Exercise details >> Write out the data below exactly as given, without any of its pictures.

Data block: Begin

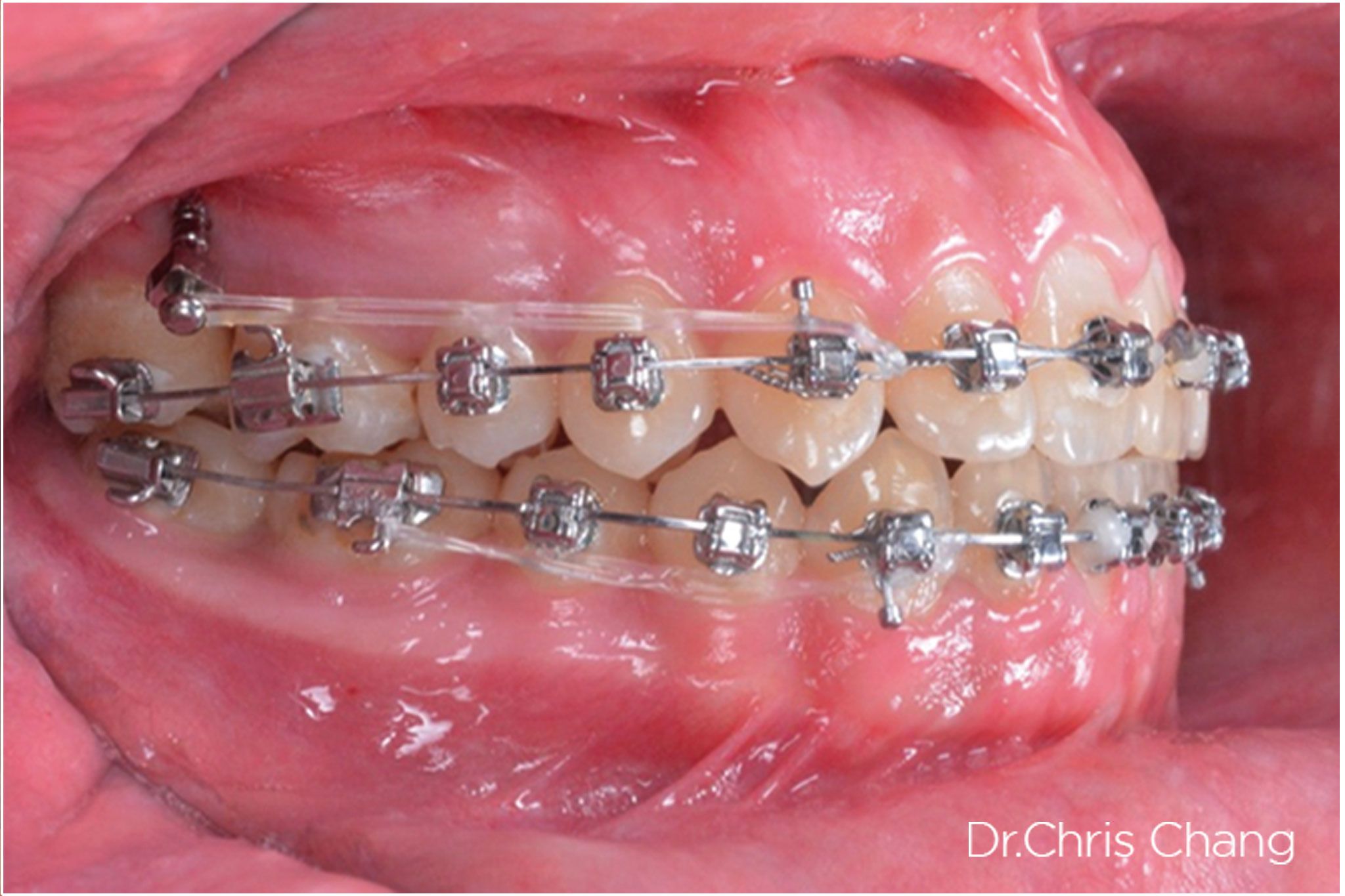 Caso Clínico con Microtornillos OBS con brackets metalicos por el Doctor Chris Chang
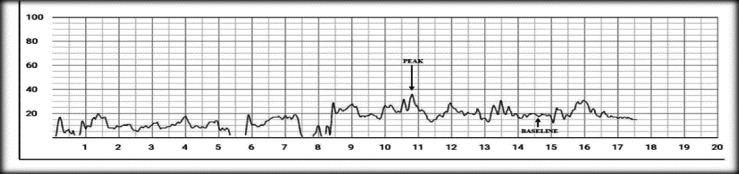 Tocodynamometric study of uterine contractions during parturition in queens.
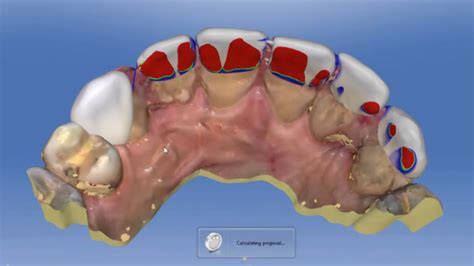 Digital Anterior Bite Plane - Spear Education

Data block: End

Answer >>
 Caso Clínico con Microtornillos OBS con brackets metalicos por el Doctor Chris Chang
 Tocodynamometric study of uterine contractions during parturition in queens.
 Digital Anterior Bite Plane - Spear Education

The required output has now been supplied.